Several design elements reference this theme, including a prominent 2.5-metre digital moon globe and intimate dining spaces referred to as ‘moon pods’. Celest’s logo combines nineteenth-century stylistic references, such as the hot-air balloon, with contemporary typography, reflecting the thematic interplay between historical imagination and modern experience.

==Cuisine==
The restaurant offers a seasonal menu developed in collaboration with local suppliers. Former head chef Drost based the dishes on the availability of regional products, such as fish and vegetables, and combines these with international cooking techniques. Celest employs sous-chefs Frank van Rijsbergen, previously of Allure and FG and named Rotterdam Culinary Talent in 2014, and Leonardo Sussi, formerly of Fitzgerald.

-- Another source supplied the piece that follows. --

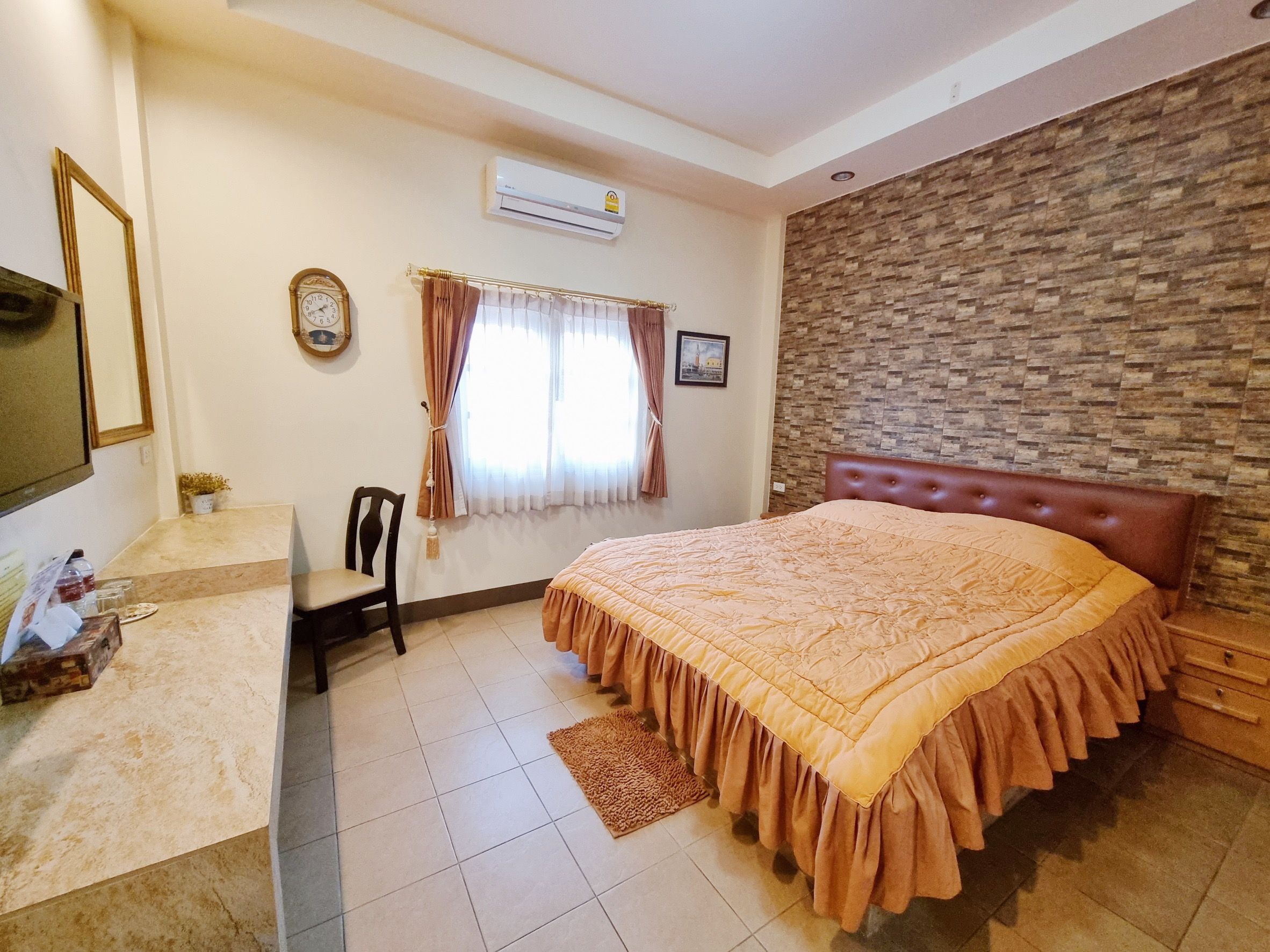 Un dormitorio con una cama, una silla, un reloj y una ventana con cortinas.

Celest was led by head chef Lars Drost, who previously worked at the two-Michelin-starred restaurant Ciel Bleu in Amsterdam. In early 2026, Drost, who had been leading the kitchen at Celest since late 2024, left the restaurant to become the chef of the new fine dining restaurant at the Mandarin Oriental Hotel in Amsterdam. Drost’s departure was announced ahead of his departure from Celest on 1 February 2026 amid ongoing phased reopening efforts following earlier water damage at the Zalmhaven tower location; as of the announcement, no replacement had been named.